30分くらいで読んじまったぜ。星海社新書だから許されるこのドライヴ感。
白眉なのがタイトルで、「戦略的上京」と言うと、住居を定めるときのhow to本のような想像をさせる。
実際に内容も、上京する時にどのように住居をきめるかという導入から始まって期待させる。ただその内容が、やりたいことを決める→住む場所(聖地)が決まる→そこの一駅隣をねらえ!というレベルで、「論」とか言えたもんじゃない。
やりたいことと、住むべき場所をリンクさせられないのが「戦略」を欲する人の心情ではないか。
ところが、
・芸能人になりたい→港区
・穴場→谷根千
・そういう趣味がある→秋葉原
・本が好き→神保町
・若い友人を作りたい(地方出身者が多いから)→高円寺
など、まとまりのない街の特徴例にとどまっている。そして、上記の駅から「一駅ずらす」というわけだ。
具体的に「東京性」がある記述はこの第2章までで、以降は投資家、事業家である著者の、投資用語をちりばめた処世術、自己啓発が終章である第5章まで続く。

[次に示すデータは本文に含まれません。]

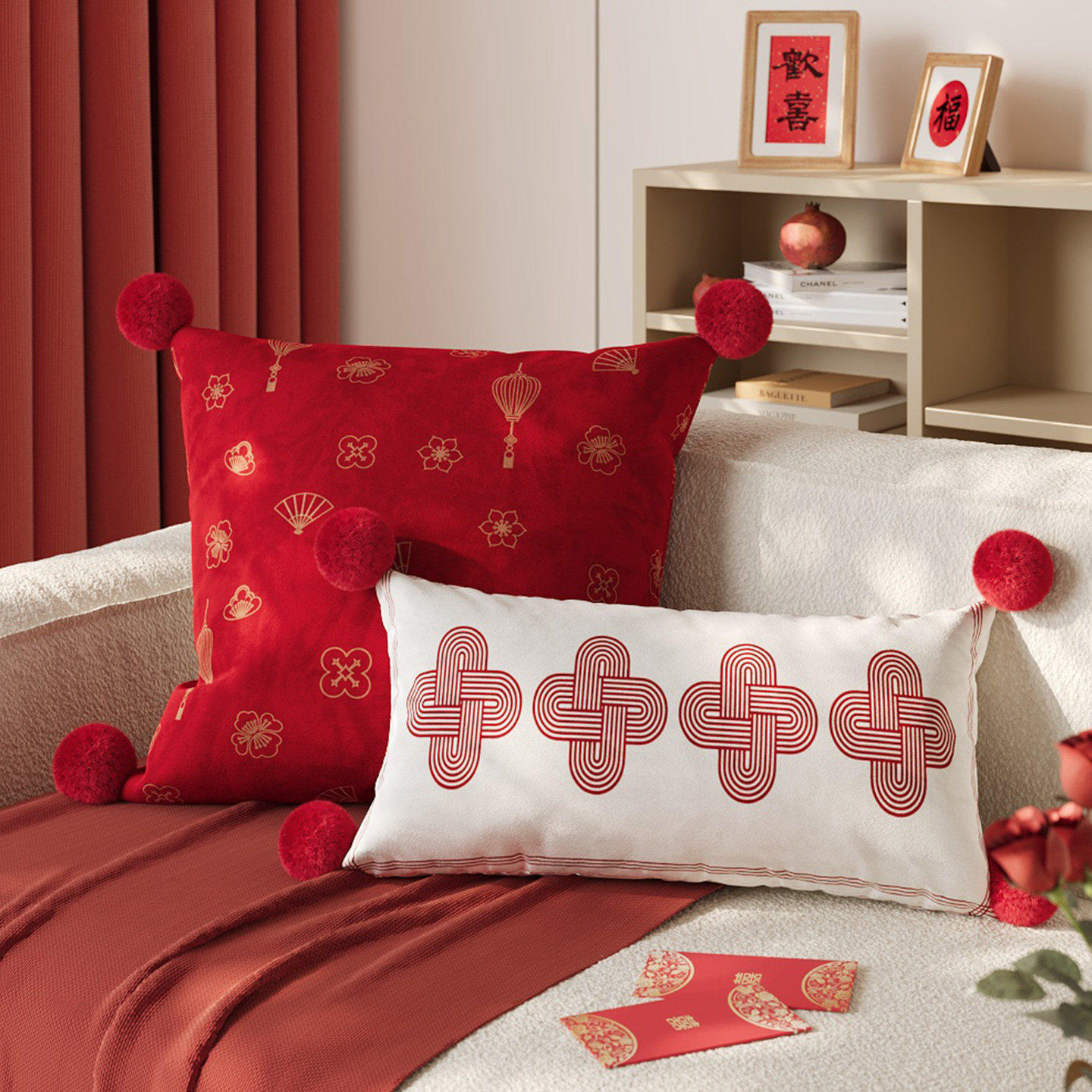 新年抱枕套马年节日氛围感装饰沙发客厅靠枕红色喜庆靠垫靠背含芯,居家布艺,靠垫/抱枕,淘宝优惠券,粉丝福利购,淘宝优惠卷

なぜこれが東京に結びつくかというと、東京=資本主義の中心。だから「東京をサヴァイブ」する=投資家思考の処世術が「東京論」と言い得る、ということなのだろう。
しかし、である。
私自身が地方出身者であったということもあり、当時の自分のような人間が読者層だとするなら、上京から入学or就職、そしてその後に送るであろう生活を具体的に想像させるように書かれており、よい情報を得られる本になると思った。
なにより、具体例ばかりで、異様にリーダブルなので、田舎高校生にはうってつけではなかろうか。(とりあえず読みやすさに関しては、徹底していて感心する。)
ただし、これも地方出身者として言わせてもらえば、「星海社新書」など近所の本屋にはなかなか置いてあるものではないだろう。(「東京の田舎」出身だという著者のマージナル性が、悪く出てしまっていると思う。)
一言で感想を言えば「具体例ばかりで読みやすい投資家の教える処世術」。